*Exercise*:
What you produce should be an exact transcription of the data, minus any pictures.

*Provided data*:
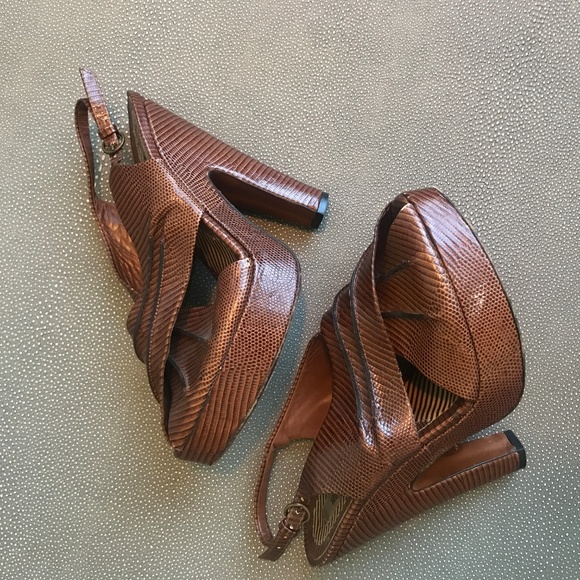 supercute retro MOSCHINO platforms - Picture 2 of 5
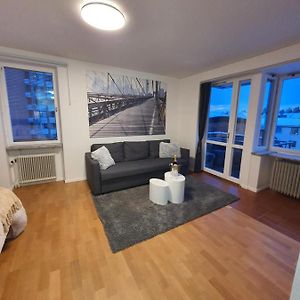 Close To The Subway. Beautiful And Cozy Apartment! Sztokholm Exterior photo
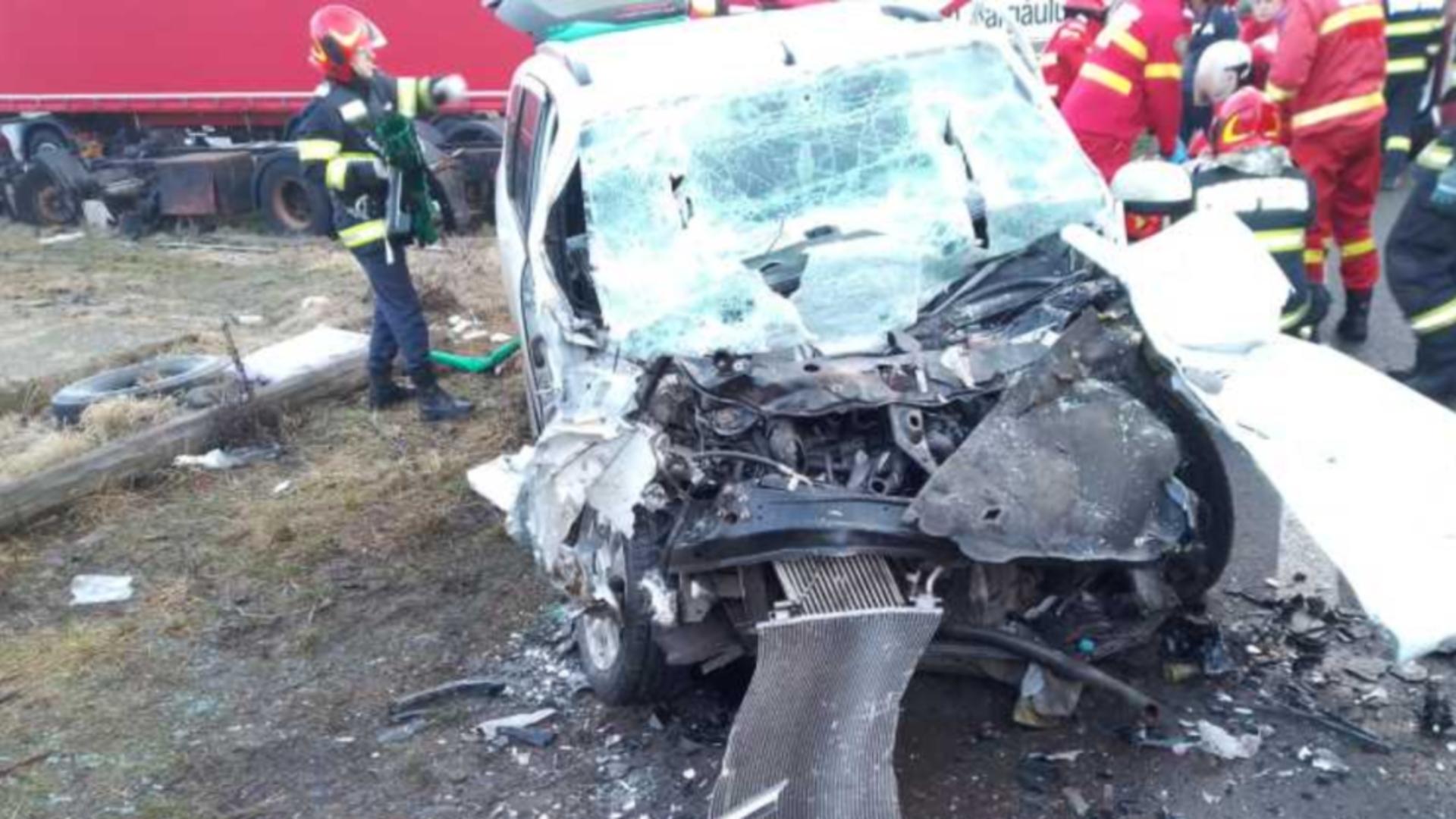Accident grav pe DN 17, în județul Bistrița-Năsăud. FOTO: ISU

*Answer for this exercise*:
 supercute retro MOSCHINO platforms - Picture 2 of 5
 Close To The Subway. Beautiful And Cozy Apartment! Sztokholm Exterior photo
Accident grav pe DN 17, în județul Bistrița-Năsăud. FOTO: ISU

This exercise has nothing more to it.